## EXERCISE
This exercise calls for every record to be set down again, exactly and in full.

==*==

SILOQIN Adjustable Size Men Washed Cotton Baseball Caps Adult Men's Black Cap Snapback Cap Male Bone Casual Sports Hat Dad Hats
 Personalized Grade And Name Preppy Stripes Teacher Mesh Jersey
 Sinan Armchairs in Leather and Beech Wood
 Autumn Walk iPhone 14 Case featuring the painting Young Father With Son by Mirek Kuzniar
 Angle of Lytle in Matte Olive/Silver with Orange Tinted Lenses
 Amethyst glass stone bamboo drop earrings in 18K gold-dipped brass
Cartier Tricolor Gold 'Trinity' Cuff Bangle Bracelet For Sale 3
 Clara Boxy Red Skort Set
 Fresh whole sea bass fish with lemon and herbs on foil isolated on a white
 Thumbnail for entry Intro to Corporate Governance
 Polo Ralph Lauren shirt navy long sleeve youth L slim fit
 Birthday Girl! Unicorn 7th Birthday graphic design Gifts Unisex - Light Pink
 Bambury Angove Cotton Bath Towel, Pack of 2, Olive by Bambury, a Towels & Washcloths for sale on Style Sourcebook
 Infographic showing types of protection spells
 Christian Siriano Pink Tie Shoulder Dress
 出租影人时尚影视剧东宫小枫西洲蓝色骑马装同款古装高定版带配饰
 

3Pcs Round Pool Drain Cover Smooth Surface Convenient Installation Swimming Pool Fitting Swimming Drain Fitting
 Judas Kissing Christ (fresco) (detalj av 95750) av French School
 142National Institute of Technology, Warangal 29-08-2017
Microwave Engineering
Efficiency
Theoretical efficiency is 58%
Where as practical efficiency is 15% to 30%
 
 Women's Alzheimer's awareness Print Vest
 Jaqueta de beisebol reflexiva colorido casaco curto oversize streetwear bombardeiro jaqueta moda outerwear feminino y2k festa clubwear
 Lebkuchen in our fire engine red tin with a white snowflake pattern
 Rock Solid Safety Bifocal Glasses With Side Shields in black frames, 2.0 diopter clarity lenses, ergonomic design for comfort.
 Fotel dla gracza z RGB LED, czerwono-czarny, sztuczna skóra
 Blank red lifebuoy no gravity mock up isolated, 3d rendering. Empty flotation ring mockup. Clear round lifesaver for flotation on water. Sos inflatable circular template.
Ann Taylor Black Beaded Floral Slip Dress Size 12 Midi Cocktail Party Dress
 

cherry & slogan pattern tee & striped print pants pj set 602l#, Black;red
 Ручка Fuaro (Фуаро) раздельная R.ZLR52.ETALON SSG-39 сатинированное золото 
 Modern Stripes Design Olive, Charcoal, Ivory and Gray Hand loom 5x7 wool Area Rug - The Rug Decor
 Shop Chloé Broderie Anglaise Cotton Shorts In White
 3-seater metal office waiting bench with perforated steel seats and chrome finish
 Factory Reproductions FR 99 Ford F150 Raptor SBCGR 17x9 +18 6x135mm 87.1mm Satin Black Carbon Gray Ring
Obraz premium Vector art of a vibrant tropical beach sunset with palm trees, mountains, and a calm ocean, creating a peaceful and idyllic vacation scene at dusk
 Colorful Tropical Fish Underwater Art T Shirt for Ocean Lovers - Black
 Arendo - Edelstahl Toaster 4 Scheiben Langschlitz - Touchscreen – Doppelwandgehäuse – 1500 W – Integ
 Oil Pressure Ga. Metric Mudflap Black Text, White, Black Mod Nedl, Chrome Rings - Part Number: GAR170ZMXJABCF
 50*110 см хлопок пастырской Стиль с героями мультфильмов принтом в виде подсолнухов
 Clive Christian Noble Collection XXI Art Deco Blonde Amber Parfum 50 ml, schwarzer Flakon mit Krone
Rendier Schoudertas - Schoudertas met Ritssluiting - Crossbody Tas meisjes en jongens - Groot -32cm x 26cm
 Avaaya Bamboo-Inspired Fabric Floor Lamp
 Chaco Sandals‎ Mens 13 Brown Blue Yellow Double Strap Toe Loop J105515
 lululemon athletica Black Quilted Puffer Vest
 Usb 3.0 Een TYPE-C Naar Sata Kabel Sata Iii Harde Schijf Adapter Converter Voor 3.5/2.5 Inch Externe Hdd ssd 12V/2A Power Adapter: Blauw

==*==

## WRITTEN RESPONSE
SILOQIN Adjustable Size Men Washed Cotton Baseball Caps Adult Men's Black Cap Snapback Cap Male Bone Casual Sports Hat Dad Hats
 Personalized Grade And Name Preppy Stripes Teacher Mesh Jersey
 Sinan Armchairs in Leather and Beech Wood
 Autumn Walk iPhone 14 Case featuring the painting Young Father With Son by Mirek Kuzniar
 Angle of Lytle in Matte Olive/Silver with Orange Tinted Lenses
 Amethyst glass stone bamboo drop earrings in 18K gold-dipped brass
Cartier Tricolor Gold 'Trinity' Cuff Bangle Bracelet For Sale 3
 Clara Boxy Red Skort Set
 Fresh whole sea bass fish with lemon and herbs on foil isolated on a white
 Thumbnail for entry Intro to Corporate Governance
 Polo Ralph Lauren shirt navy long sleeve youth L slim fit
 Birthday Girl! Unicorn 7th Birthday graphic design Gifts Unisex - Light Pink
 Bambury Angove Cotton Bath Towel, Pack of 2, Olive by Bambury, a Towels & Washcloths for sale on Style Sourcebook
 Infographic showing types of protection spells
 Christian Siriano Pink Tie Shoulder Dress
 出租影人时尚影视剧东宫小枫西洲蓝色骑马装同款古装高定版带配饰
 

3Pcs Round Pool Drain Cover Smooth Surface Convenient Installation Swimming Pool Fitting Swimming Drain Fitting
 Judas Kissing Christ (fresco) (detalj av 95750) av French School
 142National Institute of Technology, Warangal 29-08-2017
Microwave Engineering
Efficiency
Theoretical efficiency is 58%
Where as practical efficiency is 15% to 30%
 
 Women's Alzheimer's awareness Print Vest
 Jaqueta de beisebol reflexiva colorido casaco curto oversize streetwear bombardeiro jaqueta moda outerwear feminino y2k festa clubwear
 Lebkuchen in our fire engine red tin with a white snowflake pattern
 Rock Solid Safety Bifocal Glasses With Side Shields in black frames, 2.0 diopter clarity lenses, ergonomic design for comfort.
 Fotel dla gracza z RGB LED, czerwono-czarny, sztuczna skóra
 Blank red lifebuoy no gravity mock up isolated, 3d rendering. Empty flotation ring mockup. Clear round lifesaver for flotation on water. Sos inflatable circular template.
Ann Taylor Black Beaded Floral Slip Dress Size 12 Midi Cocktail Party Dress
 

cherry & slogan pattern tee & striped print pants pj set 602l#, Black;red
 Ручка Fuaro (Фуаро) раздельная R.ZLR52.ETALON SSG-39 сатинированное золото 
 Modern Stripes Design Olive, Charcoal, Ivory and Gray Hand loom 5x7 wool Area Rug - The Rug Decor
 Shop Chloé Broderie Anglaise Cotton Shorts In White
 3-seater metal office waiting bench with perforated steel seats and chrome finish
 Factory Reproductions FR 99 Ford F150 Raptor SBCGR 17x9 +18 6x135mm 87.1mm Satin Black Carbon Gray Ring
Obraz premium Vector art of a vibrant tropical beach sunset with palm trees, mountains, and a calm ocean, creating a peaceful and idyllic vacation scene at dusk
 Colorful Tropical Fish Underwater Art T Shirt for Ocean Lovers - Black
 Arendo - Edelstahl Toaster 4 Scheiben Langschlitz - Touchscreen – Doppelwandgehäuse – 1500 W – Integ
 Oil Pressure Ga. Metric Mudflap Black Text, White, Black Mod Nedl, Chrome Rings - Part Number: GAR170ZMXJABCF
 50*110 см хлопок пастырской Стиль с героями мультфильмов принтом в виде подсолнухов
 Clive Christian Noble Collection XXI Art Deco Blonde Amber Parfum 50 ml, schwarzer Flakon mit Krone
Rendier Schoudertas - Schoudertas met Ritssluiting - Crossbody Tas meisjes en jongens - Groot -32cm x 26cm
 Avaaya Bamboo-Inspired Fabric Floor Lamp
 Chaco Sandals‎ Mens 13 Brown Blue Yellow Double Strap Toe Loop J105515
 lululemon athletica Black Quilted Puffer Vest
 Usb 3.0 Een TYPE-C Naar Sata Kabel Sata Iii Harde Schijf Adapter Converter Voor 3.5/2.5 Inch Externe Hdd ssd 12V/2A Power Adapter: Blauw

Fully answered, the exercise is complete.